Cinema’s future is now

Check out the California Next Gen Film Festival, August 28-31, at the Sacramento Memorial Auditorium; $10 general admission, $25 for a four-day pass. Visit or call (916) 802-FILM for more info.

Q-and-A with California Next Gen Film Festival president Jaime Gonzalez.

Where do you see cinema/filmmaking in the next 10 years and how does this festival reflect that vision?

Because of new technology, the world of cinema and filmmaking is becoming much more democratic. In the next 10 years the barriers of affordable special effects and crew will start to be torn down. We will begin to see remarkable work arising from unlikely backgrounds. The Next Gen Film Festival, being centered on new technology and young filmmakers, involves filmmakers that are on the cutting edge of independent cinema and audiences that want to see new and exciting work.

How did you conceive the idea for the Next Gen Festival?

The idea came out of a frustration with how films are showcased at a lot of film festivals. A couple years back, I shot a documentary short in [high-definition] and was really looking forward to how the film was going to be shown on the big screen.

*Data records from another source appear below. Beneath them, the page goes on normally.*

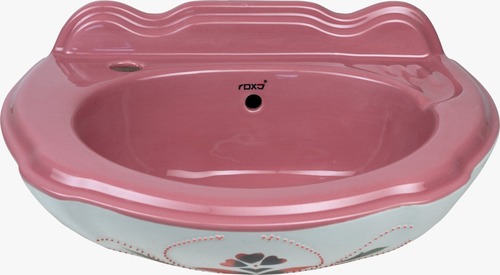 VITROSA Wall Mounted Basin 1821 - Ceramic, Two Piece Design, 8 kg Weight | Sleek Floor Mounted Installation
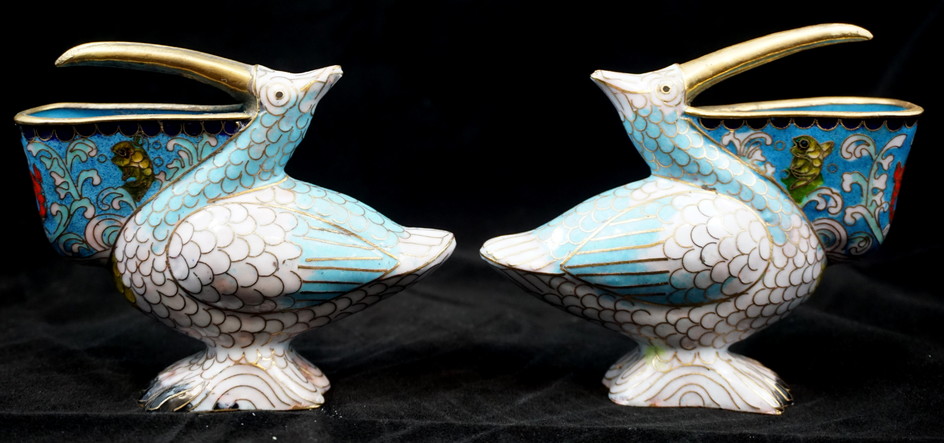 2 CHINESE CLOISONNE PELICAN S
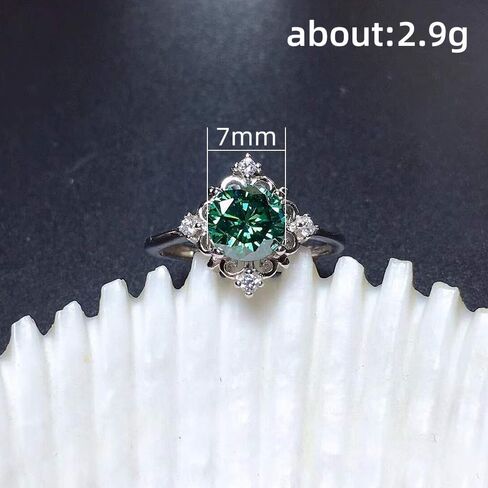 925 Sterling Silver White K Set with Grandma Green Ring Grandmother Emerald Cubic Green Ring Size 6-10 Jewelry-Making-Patterns 9 in Saudi Arabia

When my film screened in Las Vegas, it looked amazing, but anywhere else I went I experienced dim projection, small screens and low-resolution, down-compressed films.

Knowing it was possible to do better, I researched the potential of bringing an HD festival to Sacramento, and after meeting with Christie Digital [Systems company], the idea really began to evolve.

Right now it has evolved to a point where the enormous space inside the Memorial Auditorium is allowing all films to be shown on a 32-foot-wide screen.

What can digital filmmaking offer artists/audiences that celluloid filmmaking cannot? What are its shortcomings?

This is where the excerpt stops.